Top of STORED DATA
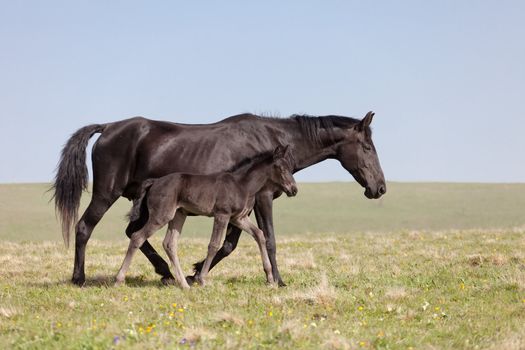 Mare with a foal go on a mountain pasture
Bottom of STORED DATA
Top of STORED DATA
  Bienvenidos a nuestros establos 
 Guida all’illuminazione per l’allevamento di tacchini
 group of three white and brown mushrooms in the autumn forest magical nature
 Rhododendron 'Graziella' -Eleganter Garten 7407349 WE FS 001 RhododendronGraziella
Bottom of STORED DATA
Top of STORED DATA
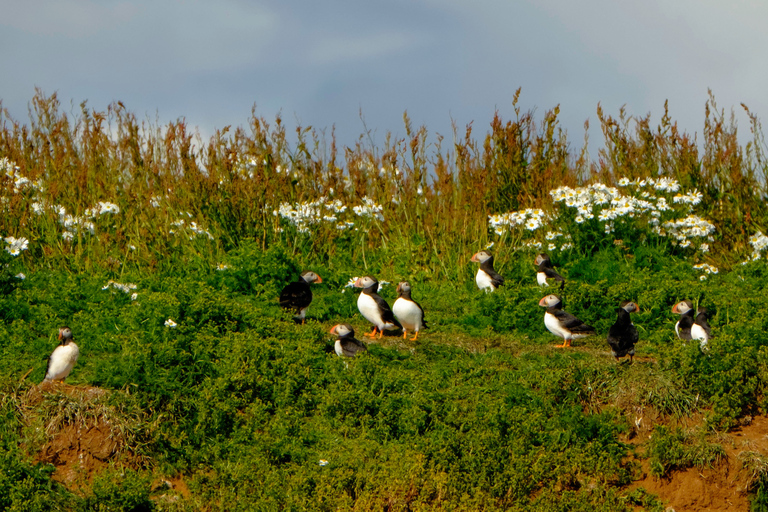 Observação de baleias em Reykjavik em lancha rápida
Bottom of STORED DATA
→ ACTIVITY:
With the line holding "Guida all’illuminazione per" as the first and the line holding "Rhododendron 'Graziella' -Eleganter" as the last, set down that range of the entries above exactly, and nothing else.

→ ANSWER SPACE:
 Guida all’illuminazione per l’allevamento di tacchini
 group of three white and brown mushrooms in the autumn forest magical nature
 Rhododendron 'Graziella' -Eleganter Garten 7407349 WE FS 001 RhododendronGraziella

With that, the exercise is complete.